Intervista di Gianluca Rotondi
«Ci sono prassi e modalità consolidate per scegliere i consiglieri di amministrazione, le best practice, che valgono per tutte le aziende, quotate o no. In questo caso c’è invece una pratica sbagliatissima di una nomina basata sull’affiliazione politica».
Franco Debenedetti, imprenditore e già senatore in quota Pds e poi Ds, ha fatto parte dei consigli di amministrazione di società, enti e fondazioni e non è stupito dallo scontro intestino che si sta consumando tra renziani e orlandiani sulle nomina nel cda di Hera. Un vizio antico, che si ripete nel tempo.
Debenedetti, lei che idea si è fatto della vicenda?
«Purtroppo la solita. Un problema antico e irrisolto, il controllo pubblico, in questo caso municipale, di società che operano sul mercato concorrenziale. Si continua a seguire una pratica che non tiene minimamente conto di competenze e scopi sociali dell’azienda».
Qual è la ragione?
«La stessa per cui non vogliono privatizzare le multiutility. Che bisogno c’è della partecipazione pubblica? L’unico motivo è avere dei vantaggi politici: il più sovente è mettere nell’azienda, nel consiglio d’amministrazione e spesso anche nelle società operative, i propri uomini di riferimento a cui garantire un impiego sicuro».
Nel caso specifico, sindaci e dirigenti del Pd sono contrari alla nomina di Alberto Aitini, giovane responsabile organizzazione dem con poca esperienza nel campo, e criticano il fatto che sia il partito a indicare la nomina e non gli amministratori.
«La mia critica prescinde completamente dalle competenze, ma riguarda in primo luogo il metodo. Anche se venisse scelta una persona con competenze e professionalità eccezionali, saprebbe che è stato inserito in consiglio non per i suoi meriti ma per ragioni che nulla hanno a che vedere con l’attività della società. Saprebbe che è stato nominato per un pegno che prima o poi dovrà essere pagato. Stiamo scoprendo l’acqua calda, me ne rendo conto. Francamente non vedo proprio il problema. Ci sono società che per mestiere selezionano i candidati con competenze che rispondono alle esigenze delle aziende. Lo fanno un gran numero di società, quotate o no, a maggior ragione dovrebbero farlo quando la proprietà è così suddivisa».
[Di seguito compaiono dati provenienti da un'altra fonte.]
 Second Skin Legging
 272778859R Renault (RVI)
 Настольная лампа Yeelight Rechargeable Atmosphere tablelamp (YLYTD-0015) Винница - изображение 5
C’è anche un tema legato al rinnovamento di certi ruoli. Meglio svecchiare a tutti i cosi mettendo in secondo piano competenza ed esperienza?
«Certo che una persona competente è meglio di chi non lo è, che una persona giovane è preferibile a una anziana, ma queste sono davvero delle banalità. L’unico parametro per cui non c’è posto è proprio quello dell’affiliazione politica perché crea un vulnus che prima o dopo si paga. Allora ben vengano le polemiche e gli scontri se per lo meno servono a capire che il problema va risolto alla radice: privatizzare le municipalizzate».